Jim Stinson, Lifezette, November 14, 2016
With Republican Donald Trump elected, many people are expected to leave the country.
Trump appears as committed as ever to restoring law and order to the nation’s immigration system and to securing the border. But with luck, some or much of the heavy lifting won’t have to be done by Immigration and Customs Enforcement agents.
It will be done by the persons in question — the people who are in the country illegally. There are at least 11 million illegal aliens in the nation now. Many could leave of their own accord.
All experts believe needs to happen is for Trump to enforce the law against businesses knowingly hiring illegal residents. What will follow is called “self-deportation.”
It was a term that was met with skepticism when Republican Mitt Romney explained at debates that he would encourage illegal aliens to go back to their home nations. He defended the policy at a debate in 2012.
Romney was mercilessly ridiculed for self-deportation during the 2012 presidential election. But the phenomenon has its precedents, according to Jessica Vaughn, director of policy studies at the Center for Immigration Studies.

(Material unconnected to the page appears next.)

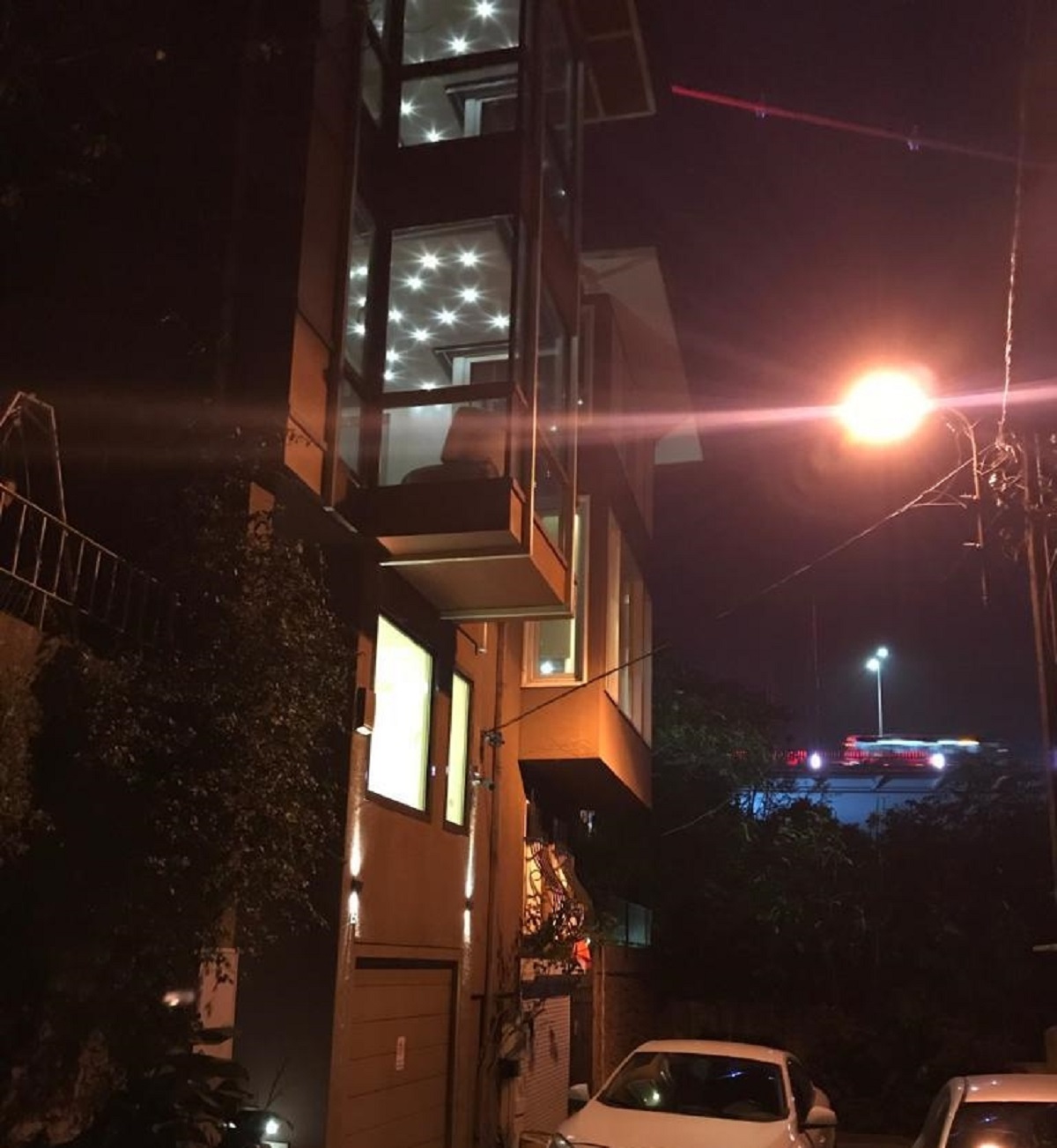 Trendy Renovated House On The Bosphorus For Sale In Istanbul - Property exterior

In 2001, after the 9/11 attacks, President George W. Bush asked non-citizens from “special interest” nations to register with the federal government. People here illegally, including some with expired student visas, registered. Almost immediately after registering, 5,000 persons were deported.
Seeing that number reported, another 15,000 left voluntarily before they registered.
“Nobody wants to be arrested and put into detention,” said Vaughn. “A lot of [illegal immigrants] are here because they got away with it.”
Arizona officials used jolts to the system after the Great Recession in 2008. The state had a rising population of illegal immigrants, so it passed a law against residency of illegal immigrants. It also banned day laborers from asking for work on the street, and allowed police interrogations on citizenship, according to the Associated Press.
Arizona’s immigration-related laws were bitterly fought by activists and the federal government under Obama, which claimed states could not regulate immigration. But the law had an immediate effect: Arizona’s illegal immigrant population peaked in 2008 at 560,000, and a year later dipped to 460,000, according to AP.
Many just went back across the border.
Meanwhile, Arizona wages rose for farm workers (15 percent) and construction workers (10 percent), according to The Wall Street Journal’s examination of data from 2010 to 2014.